An exhibition celebrating the 60th anniversary of Benjamin Britten’s Curlew River.

Susan Brinkhurst and Eamonn McCabe started their collaboration before his untimely death in October 2022. This exhibition, curated across three spaces at Snape Maltings, is Eamonn’s last body of photographic images shown alongside Susan’s multi-disciplinary work.
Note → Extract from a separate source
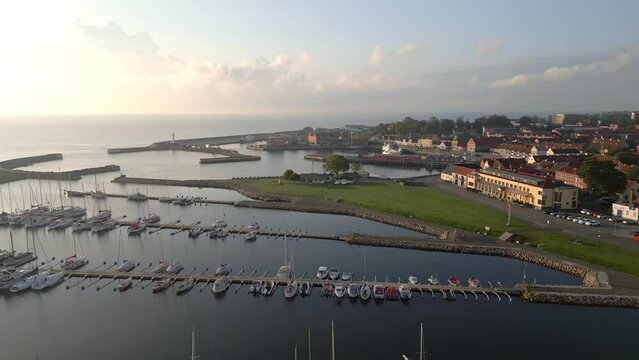 Marina in Simrishamn, Sweden at sunrise. Backward reveal drone shot.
Reed beds. Vertical, horizontal and tangled edges of fallen reeds, black-bottomed in pockmarked silt. Silence of sky in dappled water. Mud formations at low tide revealing dark inlets. The half-hidden presence of human interaction.

From the river

I hear voices,

Like souls abandoned

Curlews are calling

From Benjamin Britten’s Curlew River, 1964


About Susan’s Brinkhurst work

MUD
By bringing the mud into the gallery I want people to focus on that mud, to get up close to it, to smell it, to touch it even. To have a sense of it as the essence of the river. It is the cycle of tides. It is ultimately ‘Time' within the river. The blackness and dankness of the Switch Room highlights it’s materiality and form.

Margin
By wrapping or binding the reeds I am focusing on the individual reed within the riverbed. By using the cotton and linen to bind it gives it a richness that separates it from all of the other reeds. The richness of thread is highlighted by the natural daylight as you enter the Switch Room.
It is also an acknowledgement to Benjamin Britten's Curlew River - based on a Japanese Noh play.

Line
The reeds are set out in a thin straight line with a mud tide mark showing the river’s ebb and flow.
They epitomise the ‘horizontal' of the Upper Alde landscape. The journey through the Dovecote starts with this sculpture, moves towards McCabbe’s photograph on the stairs to finally experiencing the actual landscape outside through the window.